[Work task] In the records below, find the line that contains "Bedroom with a modern" and the line that contains "MILW E21, leads", then retype exactly those two lines and every line between them.

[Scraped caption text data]
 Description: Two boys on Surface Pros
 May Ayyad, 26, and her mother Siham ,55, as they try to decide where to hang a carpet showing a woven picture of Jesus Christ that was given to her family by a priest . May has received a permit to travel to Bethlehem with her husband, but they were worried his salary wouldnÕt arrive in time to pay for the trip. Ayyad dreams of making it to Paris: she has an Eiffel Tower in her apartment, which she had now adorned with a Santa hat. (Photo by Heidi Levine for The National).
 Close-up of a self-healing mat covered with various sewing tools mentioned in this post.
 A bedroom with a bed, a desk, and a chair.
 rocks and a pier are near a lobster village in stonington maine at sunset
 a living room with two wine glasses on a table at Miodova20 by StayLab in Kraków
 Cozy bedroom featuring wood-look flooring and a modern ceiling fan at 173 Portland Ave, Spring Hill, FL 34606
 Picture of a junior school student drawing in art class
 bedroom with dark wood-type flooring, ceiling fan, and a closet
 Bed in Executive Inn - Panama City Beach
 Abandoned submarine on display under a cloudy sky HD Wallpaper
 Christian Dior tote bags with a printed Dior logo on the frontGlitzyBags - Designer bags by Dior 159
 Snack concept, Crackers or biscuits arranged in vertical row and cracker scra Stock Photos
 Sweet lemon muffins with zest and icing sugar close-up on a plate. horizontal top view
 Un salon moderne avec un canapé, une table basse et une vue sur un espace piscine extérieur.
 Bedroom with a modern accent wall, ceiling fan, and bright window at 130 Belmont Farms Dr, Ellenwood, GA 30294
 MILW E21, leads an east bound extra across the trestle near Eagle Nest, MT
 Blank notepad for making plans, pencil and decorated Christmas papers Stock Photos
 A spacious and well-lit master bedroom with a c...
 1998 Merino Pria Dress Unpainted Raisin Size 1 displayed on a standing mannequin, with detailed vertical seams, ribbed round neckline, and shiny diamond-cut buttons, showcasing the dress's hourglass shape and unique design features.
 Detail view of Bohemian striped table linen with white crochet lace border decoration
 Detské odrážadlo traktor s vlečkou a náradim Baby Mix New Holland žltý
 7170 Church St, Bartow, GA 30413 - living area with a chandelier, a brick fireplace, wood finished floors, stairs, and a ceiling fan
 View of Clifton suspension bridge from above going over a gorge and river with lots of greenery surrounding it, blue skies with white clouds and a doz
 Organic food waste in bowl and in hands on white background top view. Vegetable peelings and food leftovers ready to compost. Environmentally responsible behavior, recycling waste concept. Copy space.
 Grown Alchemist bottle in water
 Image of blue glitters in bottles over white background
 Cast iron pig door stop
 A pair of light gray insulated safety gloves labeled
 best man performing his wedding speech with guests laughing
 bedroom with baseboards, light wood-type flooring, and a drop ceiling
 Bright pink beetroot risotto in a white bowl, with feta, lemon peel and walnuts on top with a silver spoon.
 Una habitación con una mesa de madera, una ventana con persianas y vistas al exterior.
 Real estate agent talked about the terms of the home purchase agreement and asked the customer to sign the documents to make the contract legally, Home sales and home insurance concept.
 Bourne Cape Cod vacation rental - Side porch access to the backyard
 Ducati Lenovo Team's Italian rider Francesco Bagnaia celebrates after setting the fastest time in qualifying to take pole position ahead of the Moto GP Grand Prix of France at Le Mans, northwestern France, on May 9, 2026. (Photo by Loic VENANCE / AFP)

[Response below]
 Bedroom with a modern accent wall, ceiling fan, and bright window at 130 Belmont Farms Dr, Ellenwood, GA 30294
 MILW E21, leads an east bound extra across the trestle near Eagle Nest, MT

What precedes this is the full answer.